Exercise goal:
The full set of lines below has to be duplicated exactly, with no picture kept.
START Data listing
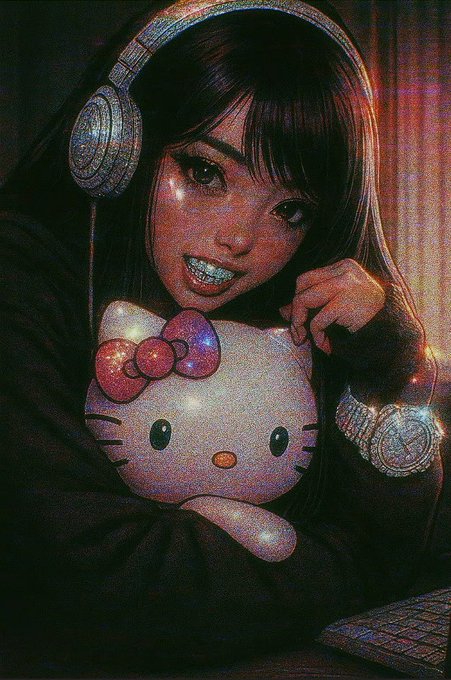 An artistic image showing a young woman wearing headphones and braces, smiling while hugging a sparkly Hello Kitty plushie, with a diamond-encrusted watch visible on her wrist.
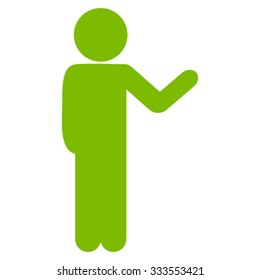 Talking Child vector icon. Style is flat symbol, eco green color, rounded angles, white background.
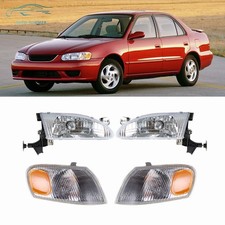 Pair Of Headlights Headlamps For Toyota Corolla 1998-2000 Wcorner Parking Light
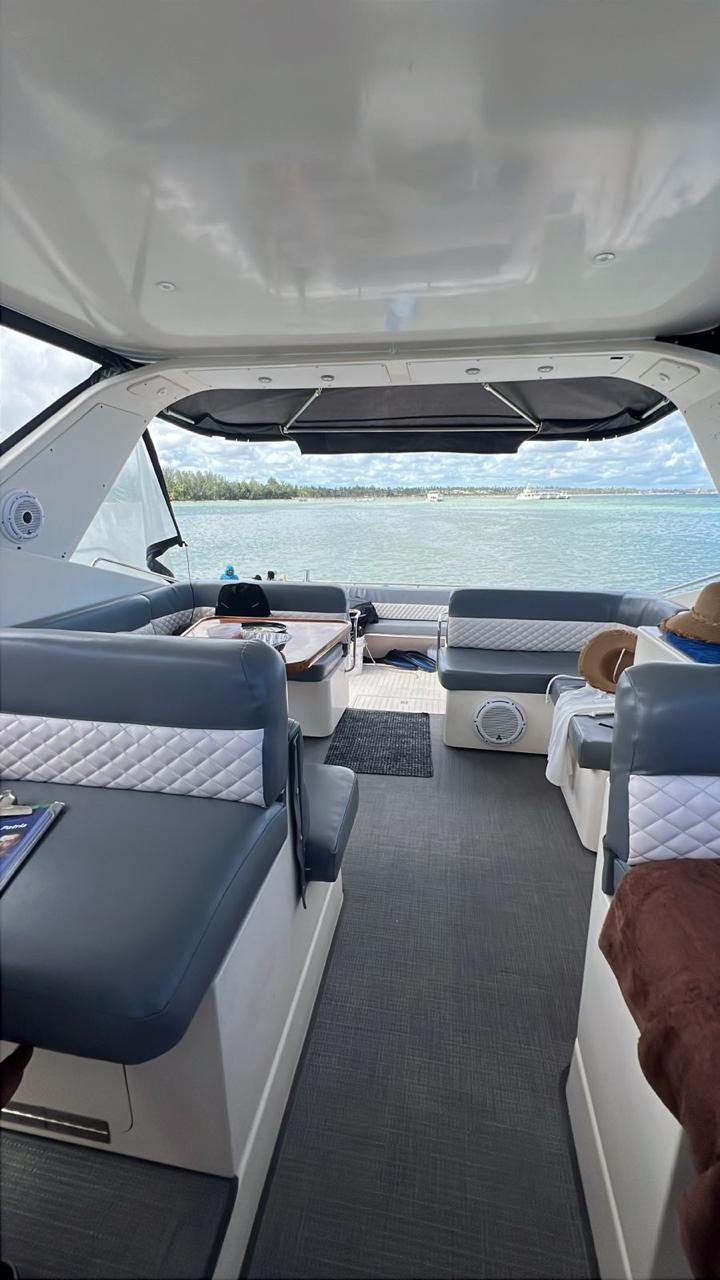 Comfortable lounge interior of a Hookah Aquatic private yacht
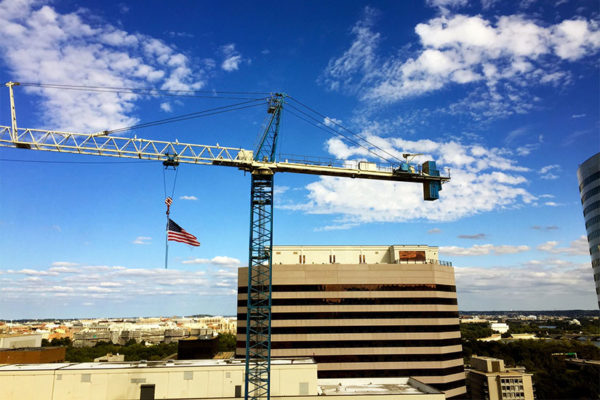 Crane on a blue sky in Rosslyn (Flickr pool photo by Mrs. Gemstone)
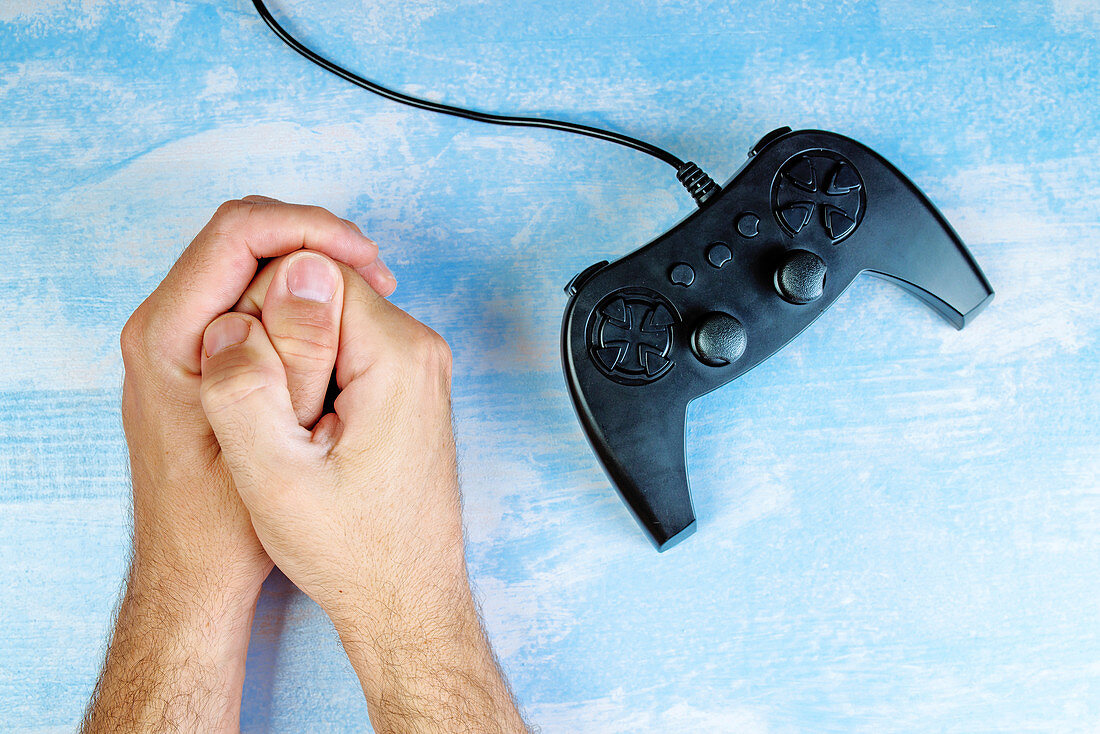 Resisting video game addiction, conceptual image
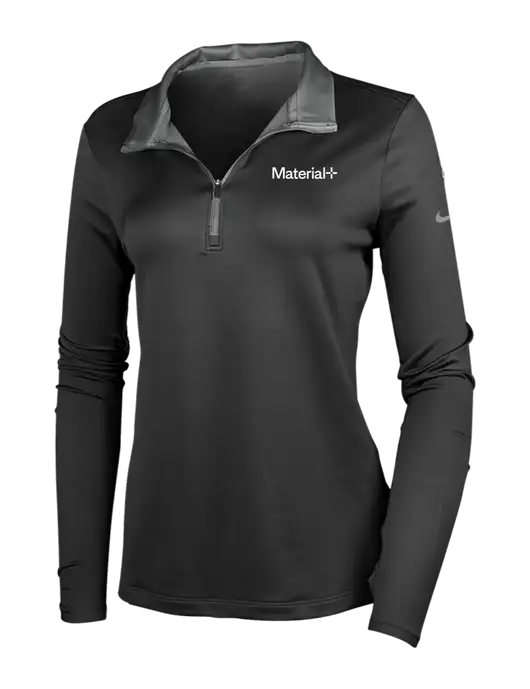 NIKE Black/Dark Grey Womens Dry-Fit Stretch 1/2 Zip Cover-Up w/Material+ Logo
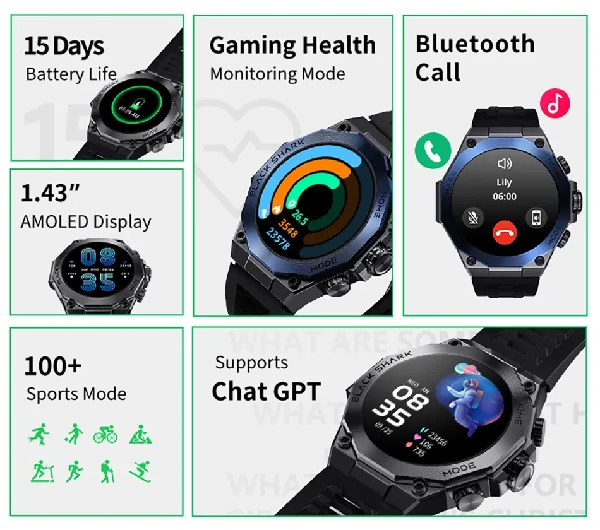 Black Shark S1 Pro Smart Watch – Black Color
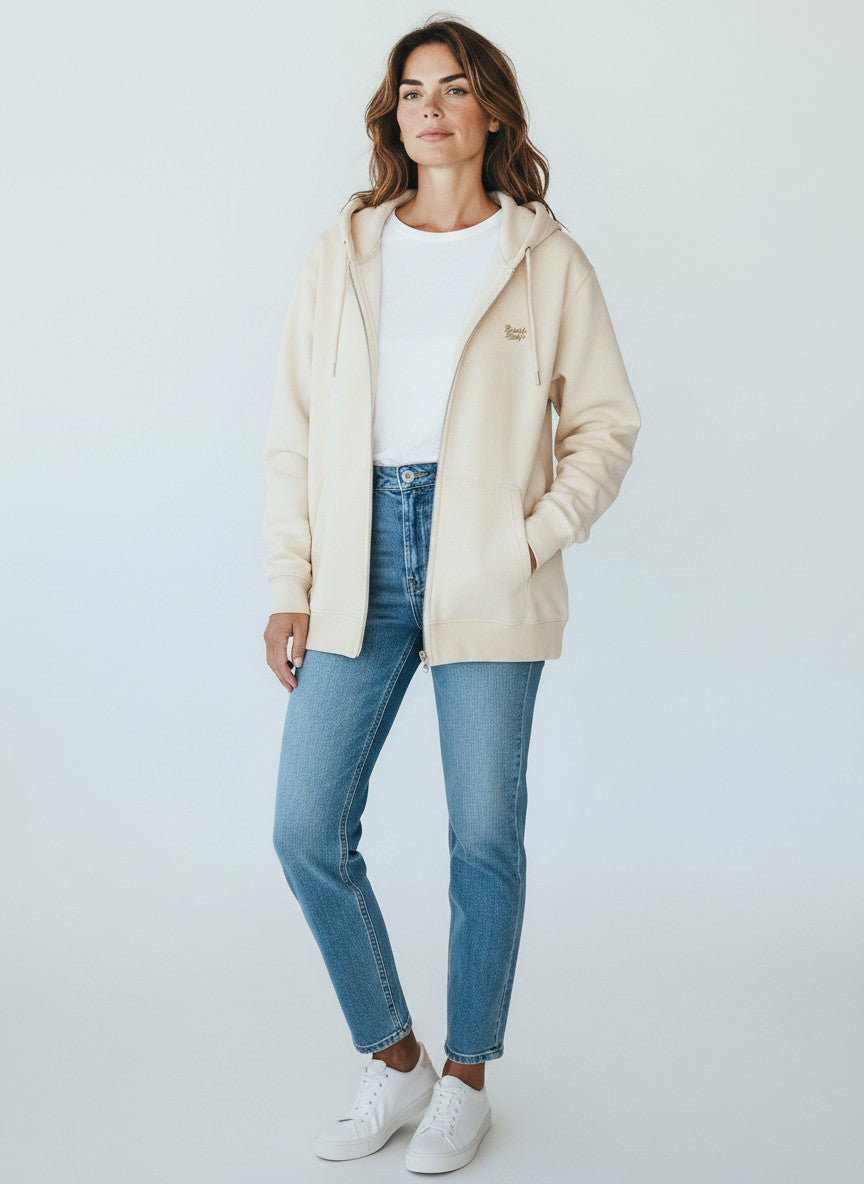 BeachBodyz® beige organic cotton oversized zip hoodie with embroidered logo and front pockets.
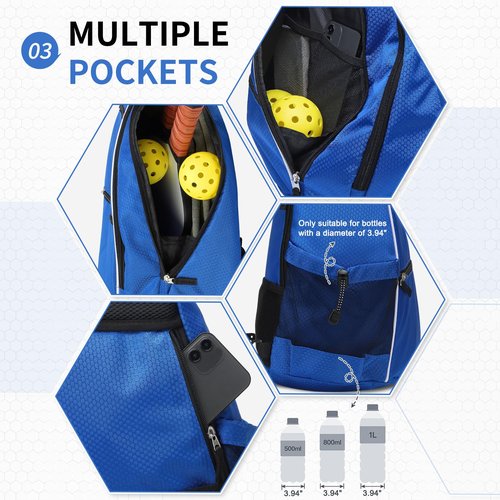SUIKIHUM Pickleball Bags for Rackets, 32L Tennis Backpack Convertible Sling Bag for Rackets Lightweight Casual Pack for Men Women Ladies (Blue)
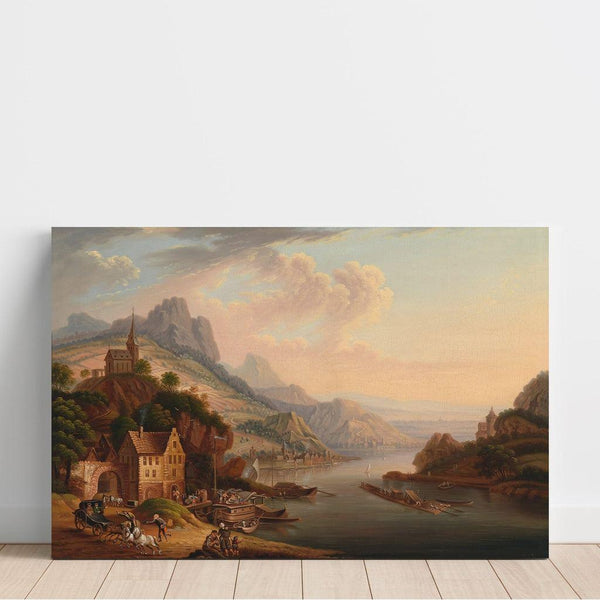 Rheinlandschaft painting by Christian Georg Schütz — wall display of the artwork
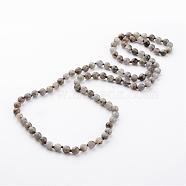 Natural Labradorite Necklaces, Beaded Necklaces, Faceted, 35.8 inch(NJEW-D264-02)
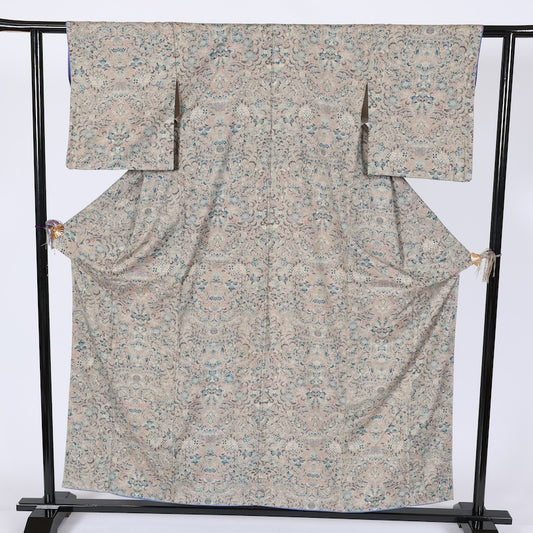 Japanese kimono used <Tsumugi> Msize silk 100% /T616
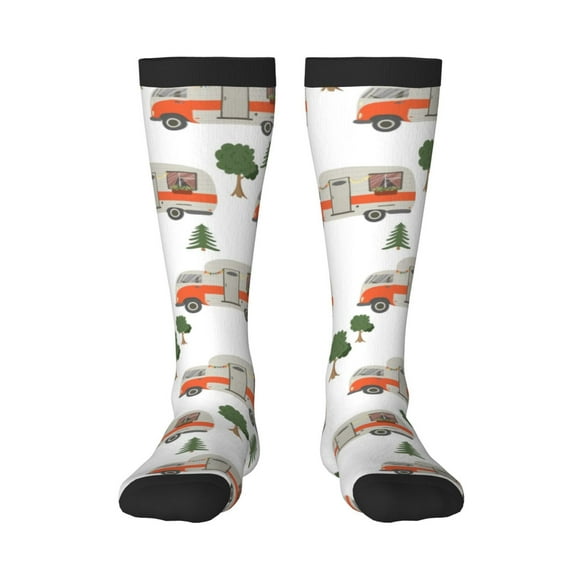 KLL Camp Van Print Women's Men's Ankle Socks 1-pack Casual Athletic Socks for Unisex Adult Moisture-Wicking Socks for Daily Wear/Running/Sport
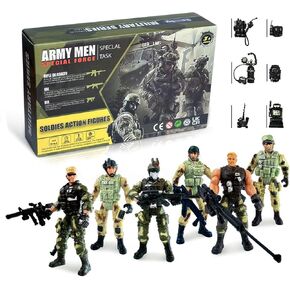 Army Men Action Figures, US Army Men and SWAT Team Toy Soldiers Action Figures ,6 Pcs Special Force Action Figure with Weapons Military Soldier Playset Army Toy Set for Boys 3+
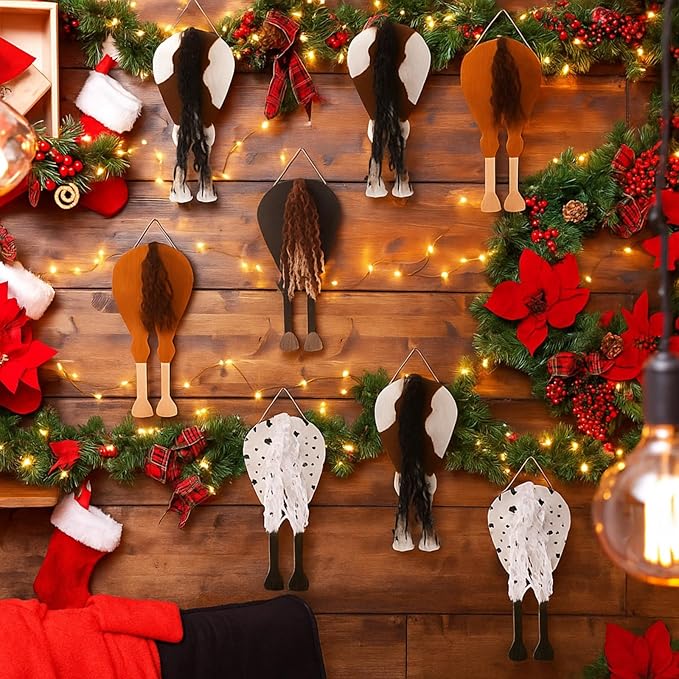 Geelin 24 Pcs Christmas Wooden Horse Craft Western Ornament Unfinished Wooden Cutouts Horse Painting Kit Unicorn Ornament DIY Cowboy Craft Paint Your Own Art for Christmas Party Favors(Buttock)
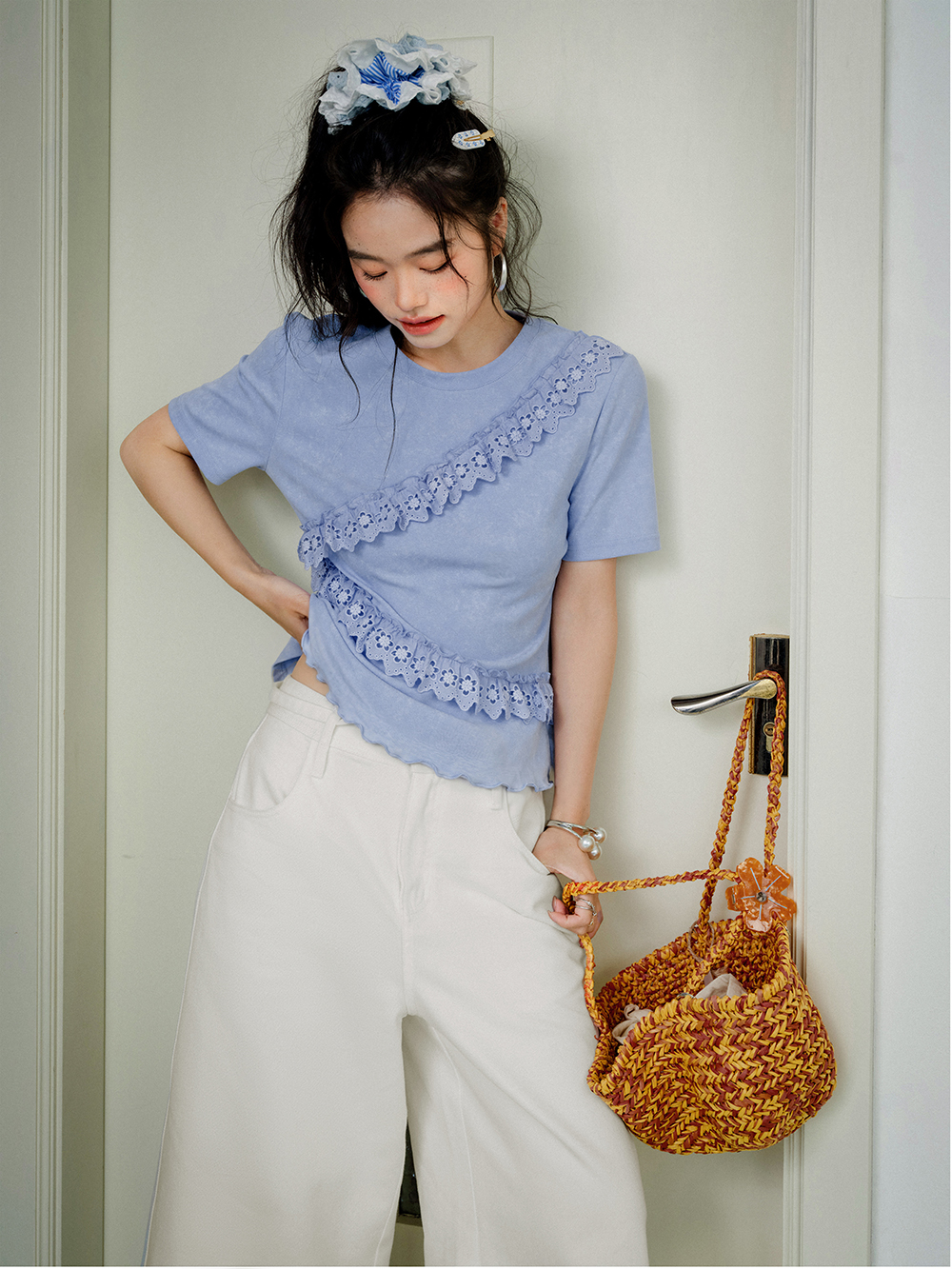 Floral Eyelet Trim Top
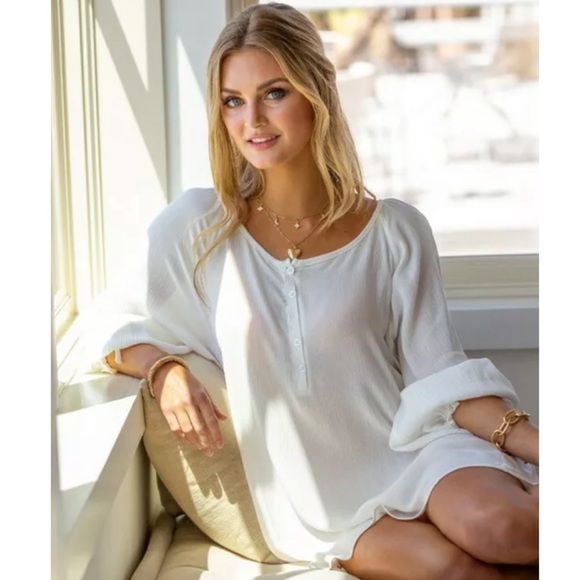 White Button Neck Wide Sleeve Tunic Hi Lo Coverup - Picture 10 of 11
END Data listing
Task solution:
 An artistic image showing a young woman wearing headphones and braces, smiling while hugging a sparkly Hello Kitty plushie, with a diamond-encrusted watch visible on her wrist.
 Talking Child vector icon. Style is flat symbol, eco green color, rounded angles, white background.
 Pair Of Headlights Headlamps For Toyota Corolla 1998-2000 Wcorner Parking Light
 Comfortable lounge interior of a Hookah Aquatic private yacht
 Crane on a blue sky in Rosslyn (Flickr pool photo by Mrs. Gemstone)
 Resisting video game addiction, conceptual image
 NIKE Black/Dark Grey Womens Dry-Fit Stretch 1/2 Zip Cover-Up w/Material+ Logo
 Black Shark S1 Pro Smart Watch – Black Color
 BeachBodyz® beige organic cotton oversized zip hoodie with embroidered logo and front pockets.
SUIKIHUM Pickleball Bags for Rackets, 32L Tennis Backpack Convertible Sling Bag for Rackets Lightweight Casual Pack for Men Women Ladies (Blue)
 Rheinlandschaft painting by Christian Georg Schütz — wall display of the artwork
 Natural Labradorite Necklaces, Beaded Necklaces, Faceted, 35.8 inch(NJEW-D264-02)
 Japanese kimono used <Tsumugi> Msize silk 100% /T616
 KLL Camp Van Print Women's Men's Ankle Socks 1-pack Casual Athletic Socks for Unisex Adult Moisture-Wicking Socks for Daily Wear/Running/Sport
 Army Men Action Figures, US Army Men and SWAT Team Toy Soldiers Action Figures ,6 Pcs Special Force Action Figure with Weapons Military Soldier Playset Army Toy Set for Boys 3+
 Geelin 24 Pcs Christmas Wooden Horse Craft Western Ornament Unfinished Wooden Cutouts Horse Painting Kit Unicorn Ornament DIY Cowboy Craft Paint Your Own Art for Christmas Party Favors(Buttock)
 Floral Eyelet Trim Top
 White Button Neck Wide Sleeve Tunic Hi Lo Coverup - Picture 10 of 11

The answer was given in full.